Uğradım.' Türkeş, Menderesi niye astı?' dedi. Sonra da;
'Tevfik ileri benim eniştemdi. Milliyetçi adamdı' dedi
Ben de 'Onu asanlar Türkeş'i sürgün edenlerdir.
Kaldı ki, Menderesin idamını önlemek için çok çalıştı. Konseye mektup yazdı.
Ama önleyemedi' dedim.
Sonra da; 'Menderes ve Tevfik ileri milliyetçi insanlardı. On yıl iktidar oldular,
Fakat kendilerini koruyacak bir gençlik yetiştiremediler. Halbuki Alparslan Türkeş,
İktidarda değil, hatta küçük bir partinin genel başkanı,
Ama görüyorsunuz, Türkiye'yi kurtaracak gençlik yetiştirdi'. Dedim.
'Doğru' dedi. 'Ben bunu hiç düşünmemiştim'.
***
Başbuğ Alparslan Türkeş;
Türk milletini, kendine getirdi. Kendini öğretti.
Türk gençliğine Türk ülküsünü öğretti. Turanı, Kızıl elmayı öğretti.
Türk gençliğine kendine güvenmesini öğretti.
Türk gençliğine, İslam imanı ve ahlakını öğretti.
Bu günkü Müslüman gençliğin büyük ekseriyeti Türkeş'in eseridir.
O, Türk milletini teşkilatlandırdı. Gençlikte ülkü ocaklarını kurdu.
Her meslekte teşkilat kurdu, işçi, köylü, esnaf, mühendis, doktor, öğretmen,
Ayrıca polis, sanatkar, yazar, çizer, üniversite öğretim üyeleri içinde de teşkilatlandı.
***
Kendisi, MİT, Askeri istihbarat, emniyet istihbarat ve özel harp dairesinde bile teşkilat kurmuştu.
Her taraftan bilgi alıyor. Türk devletini ve milletini korumaya çalışıyordu.
Hatta Türk dünyasında da büyük bir potansiyeli vardı.
Bir gün Moğolistan meclisinde Kazak asıllı bir milletvekiline 'Ben Türkeş partiyasındanım' dedim.
O da bana; 'Ben de Türkeş partiyasındanım' dedi.
Bir gün sanıyorum 1988 yılı idi.
Başbuğ MYK toplantısında; 'Dün Sovyetler birliği büyük elçisi Çernişev geldi.
Bana ; Sayın Türkeş, Sovyetler birliği için
İyi düşüncelerimiz var olayları sükunetle karşılayın dedi.' Dedi.
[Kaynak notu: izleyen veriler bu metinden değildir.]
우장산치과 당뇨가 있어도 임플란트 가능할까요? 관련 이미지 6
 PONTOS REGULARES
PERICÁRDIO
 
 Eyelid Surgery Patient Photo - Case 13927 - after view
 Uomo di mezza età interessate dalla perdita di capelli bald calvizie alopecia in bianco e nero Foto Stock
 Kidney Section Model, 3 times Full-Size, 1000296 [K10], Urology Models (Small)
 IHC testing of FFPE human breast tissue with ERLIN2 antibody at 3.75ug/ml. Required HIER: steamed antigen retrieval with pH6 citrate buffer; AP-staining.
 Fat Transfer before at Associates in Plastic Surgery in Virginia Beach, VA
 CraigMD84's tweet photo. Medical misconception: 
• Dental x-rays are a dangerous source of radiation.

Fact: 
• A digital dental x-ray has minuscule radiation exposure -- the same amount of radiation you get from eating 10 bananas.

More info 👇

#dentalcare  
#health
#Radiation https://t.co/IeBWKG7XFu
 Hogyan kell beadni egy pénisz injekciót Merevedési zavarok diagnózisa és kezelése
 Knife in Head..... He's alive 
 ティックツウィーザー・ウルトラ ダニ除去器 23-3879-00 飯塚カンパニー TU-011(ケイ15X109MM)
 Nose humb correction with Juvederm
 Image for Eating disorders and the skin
Ben de; 'Biz küçük bir partiyiz, ne yapabiliriz ki dedim'
O da 'Biz kimin küçük, kimin büyük olduğunu biliriz dedi' dedi.
Sovyetlerin dünyaya, hükmettiği bir dönem de biz bu sözlere hayret etmiştik.
O sırada Sovyet gençlik dergisi,
İzvestiya Komsomolkaya Başbuğ Türkeş'i öven bir yazı kaleme almıştı.
Meğer Türkeş'in, dağılma döneminde Türk cumhuriyetlerinde bir isyan çıkarmasını istememişler.
***
Sonra Kazakistan'a gittiğimizde;
Kazak yazarlar 'Türk birliği' diye bir gazete çıkarmışlar,
Üzerinde Başbuğun resmi vardı.
Daha sonra onların baş redaktörü, Batırhan Darımbetle görüştüm.